* [Goal of the exercise]: Each entry is to be given again word for word; images are dropped.

* [Scraped caption text data]:
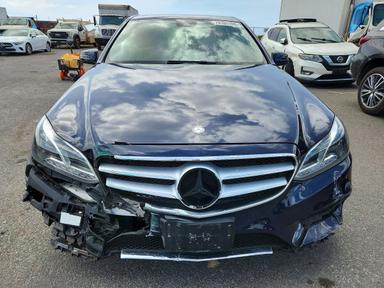 Vista de 2016 MERCEDES-BENZ E 350, ángulo 5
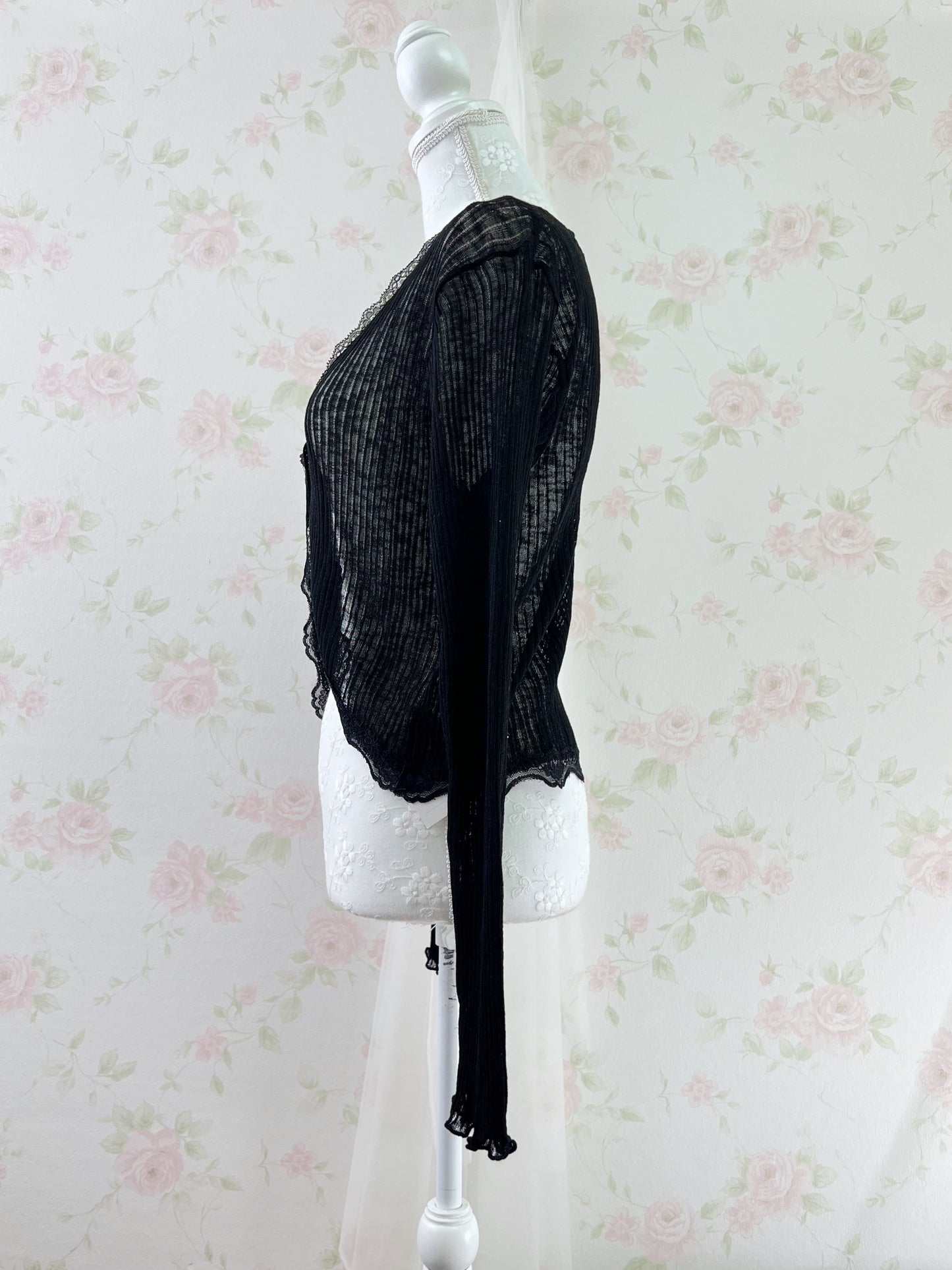 GRL Lacy One Button Cardigan (Black)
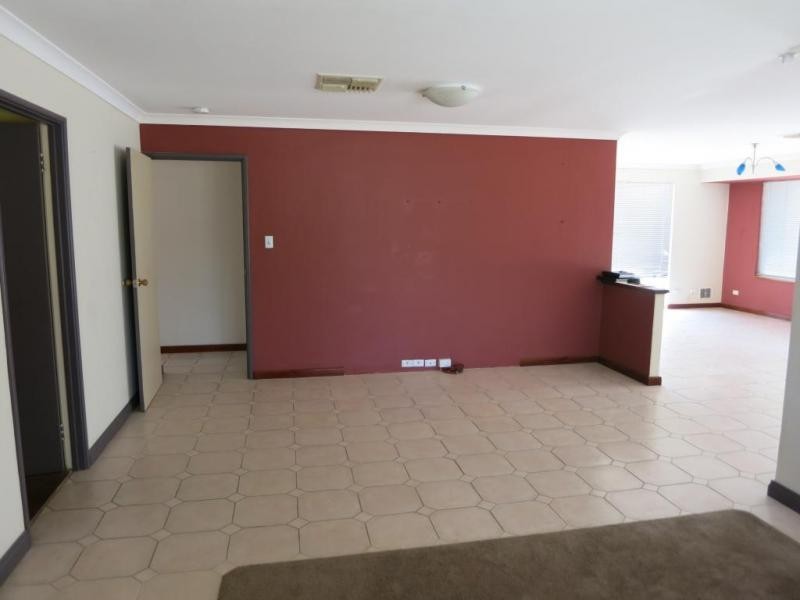 9 Geordie Court, Coogee WA 6166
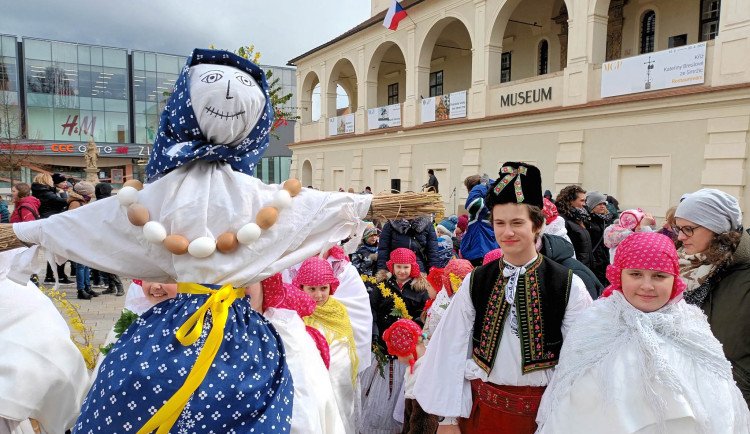 FOTOGALERIE: Děti z prostějovských škol a školek ukončily nadvládu zimy. Vynesly Smrtku do potoka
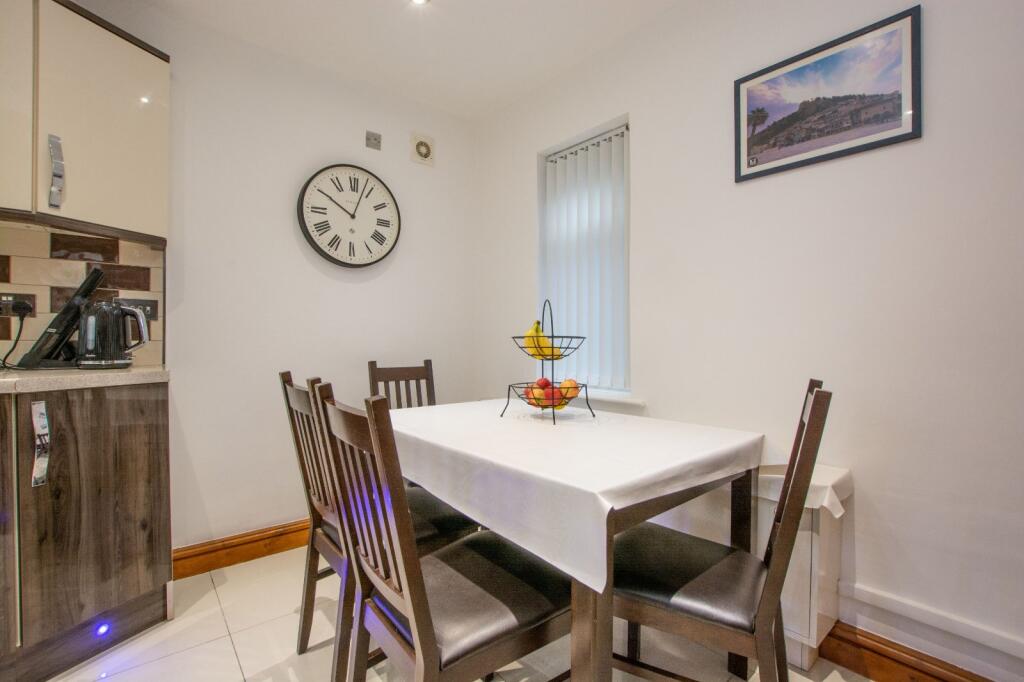 House in Leeds, West Yorkshire - View 4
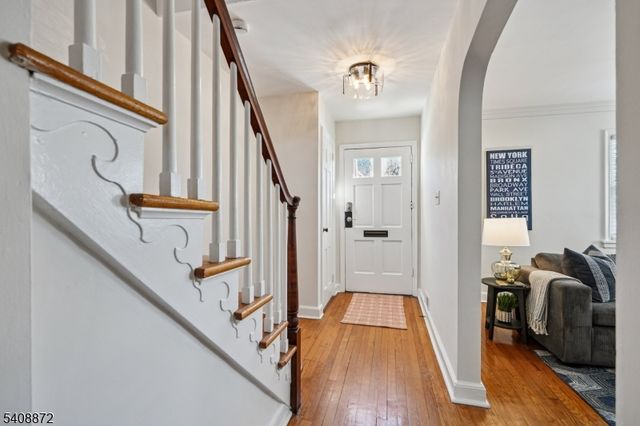 11 Overlook Ter, Maplewood Twp., NJ 07040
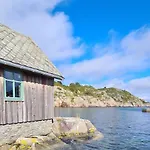 Exceptional 2 Meters From The Sea, Possible To Rent Boat, Bekkjarvik, 60 Km From Bergen Gauksheim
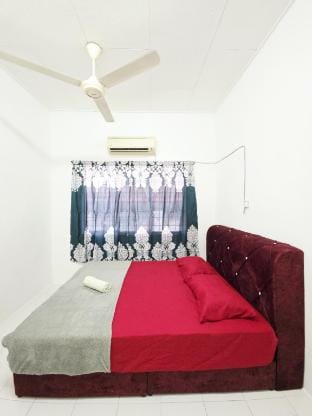 HOMESTAY TAMAN SEGAR 23 (Muslim Only) Vacation rental in Selangor, Malaysia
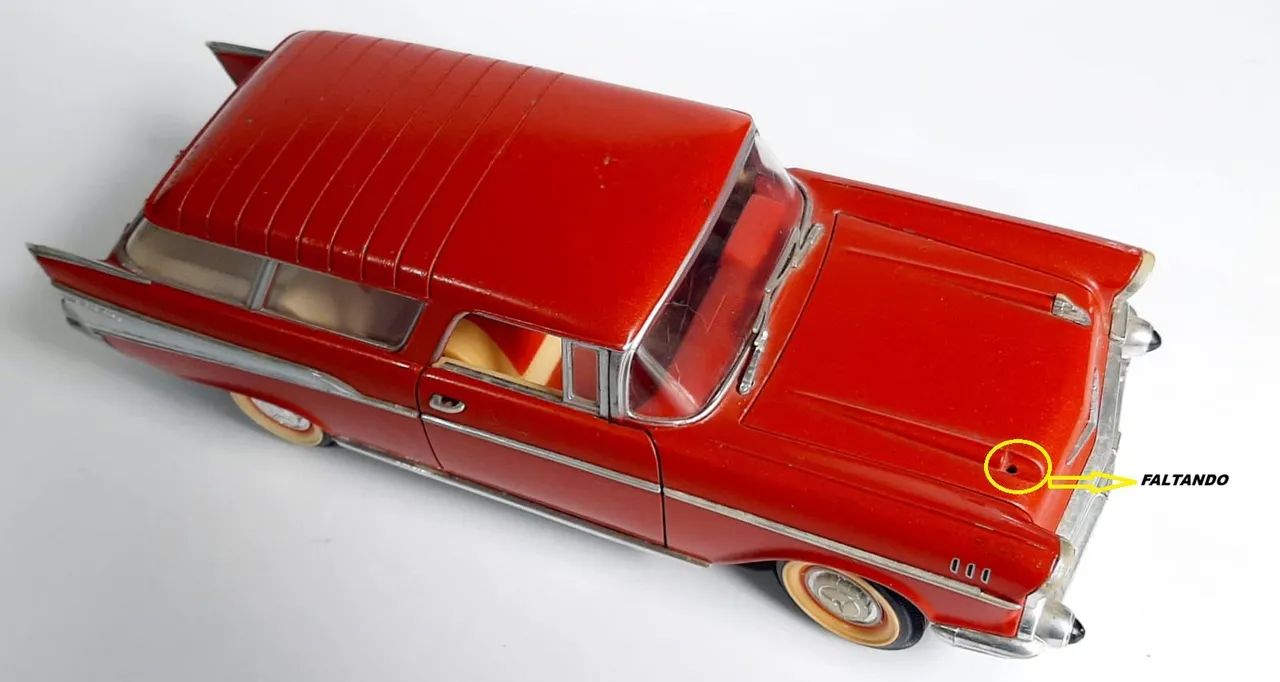 Modelo Chevrolet Nomad 1957 escala 1/18 Road Tough - Foto 5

* [Task answer]:
 Vista de 2016 MERCEDES-BENZ E 350, ángulo 5
 GRL Lacy One Button Cardigan (Black)
 9 Geordie Court, Coogee WA 6166
 FOTOGALERIE: Děti z prostějovských škol a školek ukončily nadvládu zimy. Vynesly Smrtku do potoka
 House in Leeds, West Yorkshire - View 4
 11 Overlook Ter, Maplewood Twp., NJ 07040
 Exceptional 2 Meters From The Sea, Possible To Rent Boat, Bekkjarvik, 60 Km From Bergen Gauksheim
 HOMESTAY TAMAN SEGAR 23 (Muslim Only) Vacation rental in Selangor, Malaysia
 Modelo Chevrolet Nomad 1957 escala 1/18 Road Tough - Foto 5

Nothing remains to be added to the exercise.